Are you attending any conferences or professional development meetings this summer? Tell us your plans in the comments, and let us know your other tips for success at these events.

Jun 15

Skills and Squirrels

(Source: Flickr)

Last week I saw a squirrel hanging upside down on the side of a tree trunk, using just its hind legs, while eating a nut with its front paws. Could you do that? Probably not, because you are not a squirrel. But as I alluded to in the June 1st post “Be Confident,” you have many other skills and abilities by virtue of your graduate training and experiences.

Research
If you break down your research into its components, regardless of your field, you have developed the ability to collect, interpret, analyze, and report information. The information looks different for each discipline, and the specific processes, tools, and techniques you apply look different, but the concept is the same. You can then apply the concept of “research” within the various careers you might pursue.

Writing
The amount of writing you have done during grad school will depend on your program, but no one gets through without honing their writing skills. Written communication is essential for every career path, and graduate school allows you to be confident that your writing experience is valuable.

Project Management
Whether it was for your dissertation, thesis, or smaller projects during your coursework, graduate school requires the completion of projects. And projects require the ability to do long-term planning as well as to overcome the inevitable short-term problems that arise along the way. Employers love when you can manage your projects independently, and that is not always possible right out of an undergrad program.

Public Speaking
I didn’t develop a comfort level with public speaking until I completed my own graduate program. Through teaching, class presentations, the Three Minute Thesis competition, conference presentations, symposia, workshops, and other opportunities, graduate students receive plenty of chances to hone their skills speaking in front of small to large groups.

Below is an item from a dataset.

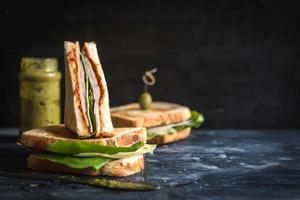 Toast Sandwiches mit Schinken und Pesto foto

One of the best parts? All of these skills are consistently among those listed as most important by employers.

What other skills have you developed during graduate school that you think are valuable for your future career? Leave them in the comments.

Need help turning your skills into a career strategy? We can help. gradcareers@nd.edu

Jun 01

Be Confident

Confidence is a funny thing. And so is déjà vu. As I was walking through the 2nd floor rotunda of the Main Building recently, I was struck by a déjà vu feeling about walking that same path during my first few days in this position. It was an odd sort of feeling, though, because my current strides were filled with confidence, whereas “new-hire Erik” had slinked along with trepidation, anxiety, and a little confusion about which staircase to take or where to find the elevator.

Obviously something had changed. But what makes us confident? Experience, mainly. But also knowledge, skills, and a belief in oneself. Also power poses, but I’ll come back to those. My confidence now stems from the belief that I belong here. The first few days of a new job are filled with imposter syndrome, because you don’t know what situation you are walking into. However, with 9 years of professional experience to draw from, I should have realized that my knowledge and skills were relevant and valuable.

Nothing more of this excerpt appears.